[Scraped caption text data]
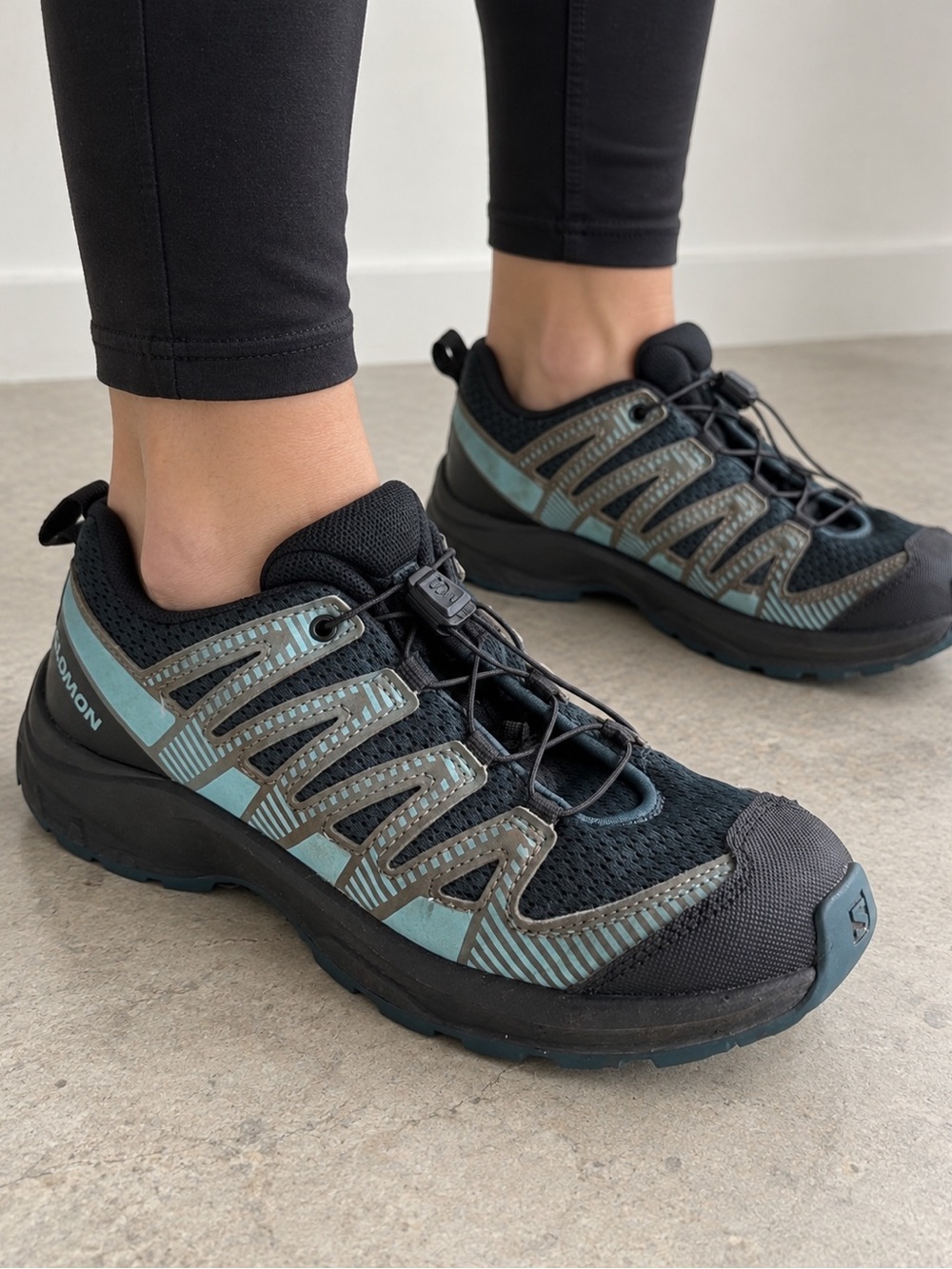 Salomon XA Pro V8 J Youth Size 5 Blue Teal Trail Hiking Sneakers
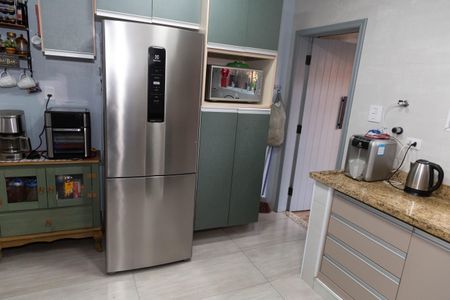 Casa à venda com 367m², 3 quartos e 5 vagas Casa à venda com 367m², 3 quartos e 5 vagasCozinha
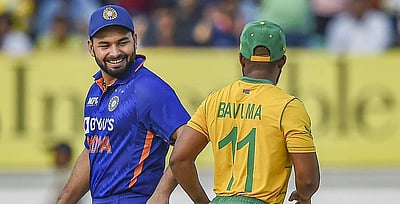 இந்தியாவில் வெள்ளைப் பந்து தொடர்களில் விளையாடும் ஆஸி., தெ.ஆ. அணிகள்!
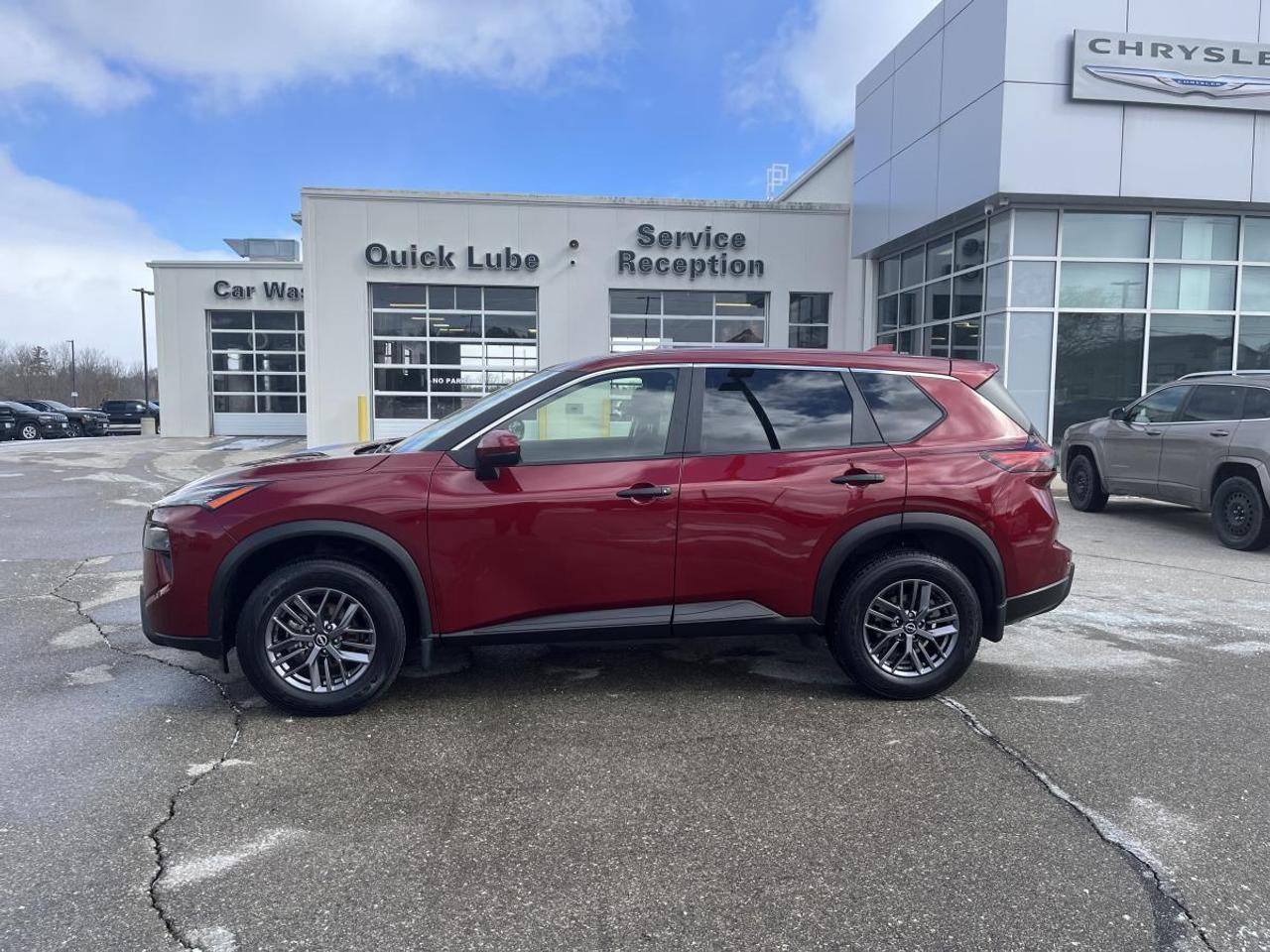2024 Nissan Rogue AWD S Photo2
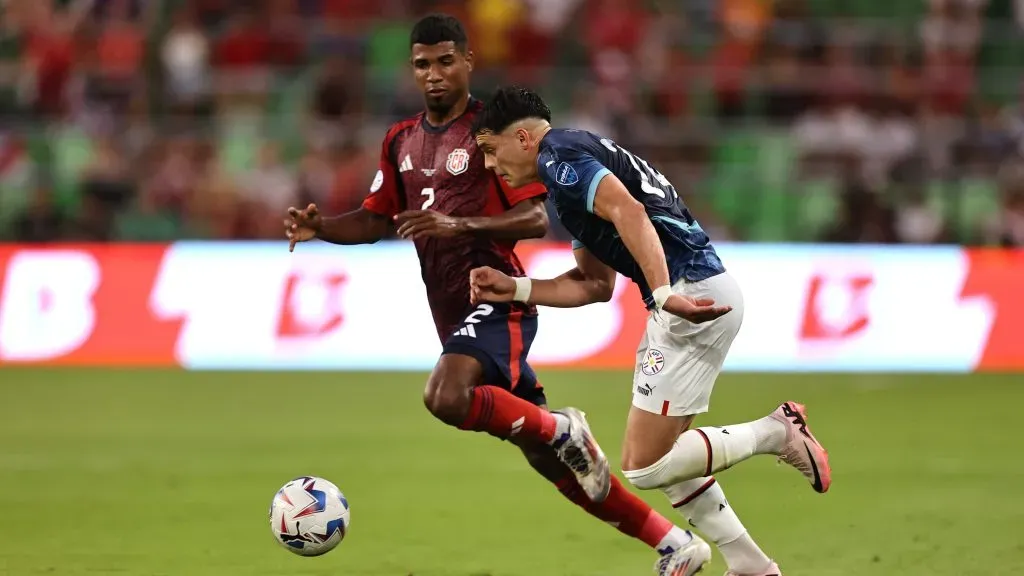 Gerald Taylor jugará en el Hearts de Escocia.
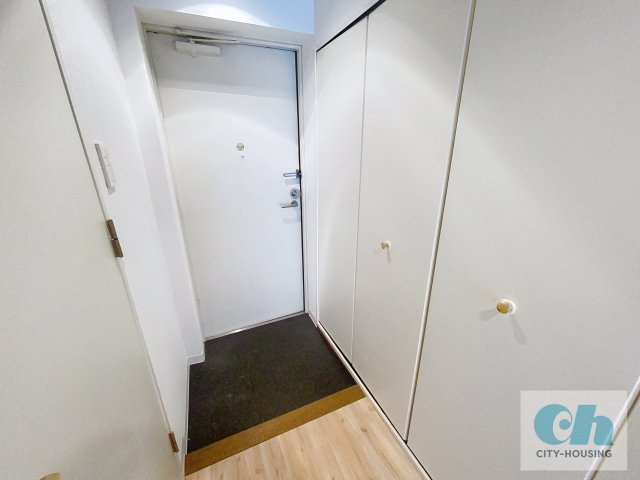 エスポワール田園調布 206号室の玄関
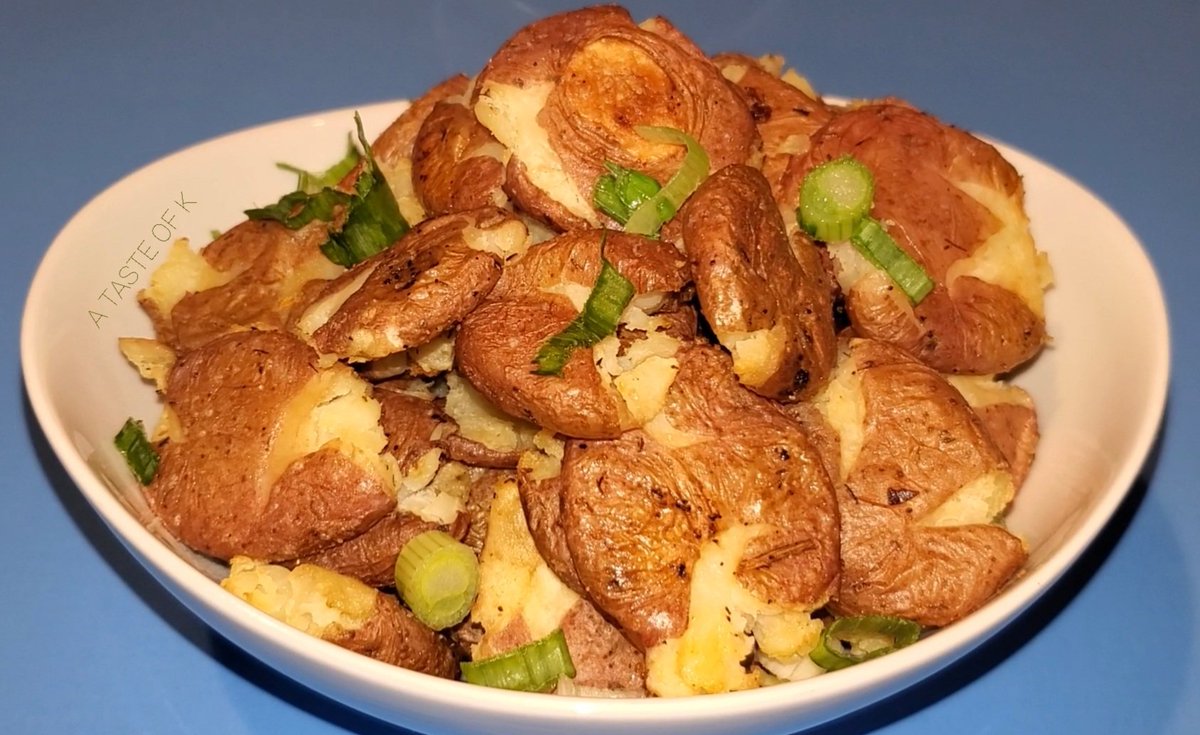 tasteofk_'s tweet photo. SMASHED ROASTED RED BABY POTATOES here's a twist on some potatoes (mashed and roasted blended into one) 

https://t.co/7wx2rd5ypJ

#atasteofk #youtube #cookingvideos #smashedpotatoes #seasoned #letseat #subscribe https://t.co/8l1VbAmphN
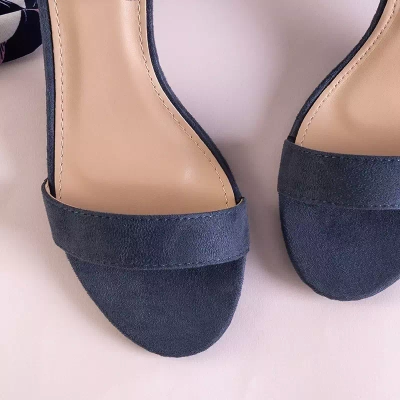 OUTLET Tmavě modré dámské sandály na sloupku Anniet - Obuv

**Activity**
Transcribe every line of the data exactly. No pictures go in the copy.

**Response to the exercise**
 Salomon XA Pro V8 J Youth Size 5 Blue Teal Trail Hiking Sneakers
 Casa à venda com 367m², 3 quartos e 5 vagas Casa à venda com 367m², 3 quartos e 5 vagasCozinha
 இந்தியாவில் வெள்ளைப் பந்து தொடர்களில் விளையாடும் ஆஸி., தெ.ஆ. அணிகள்!
2024 Nissan Rogue AWD S Photo2
 Gerald Taylor jugará en el Hearts de Escocia.
 エスポワール田園調布 206号室の玄関
 tasteofk_'s tweet photo. SMASHED ROASTED RED BABY POTATOES here's a twist on some potatoes (mashed and roasted blended into one) 

https://t.co/7wx2rd5ypJ

#atasteofk #youtube #cookingvideos #smashedpotatoes #seasoned #letseat #subscribe https://t.co/8l1VbAmphN
 OUTLET Tmavě modré dámské sandály na sloupku Anniet - Obuv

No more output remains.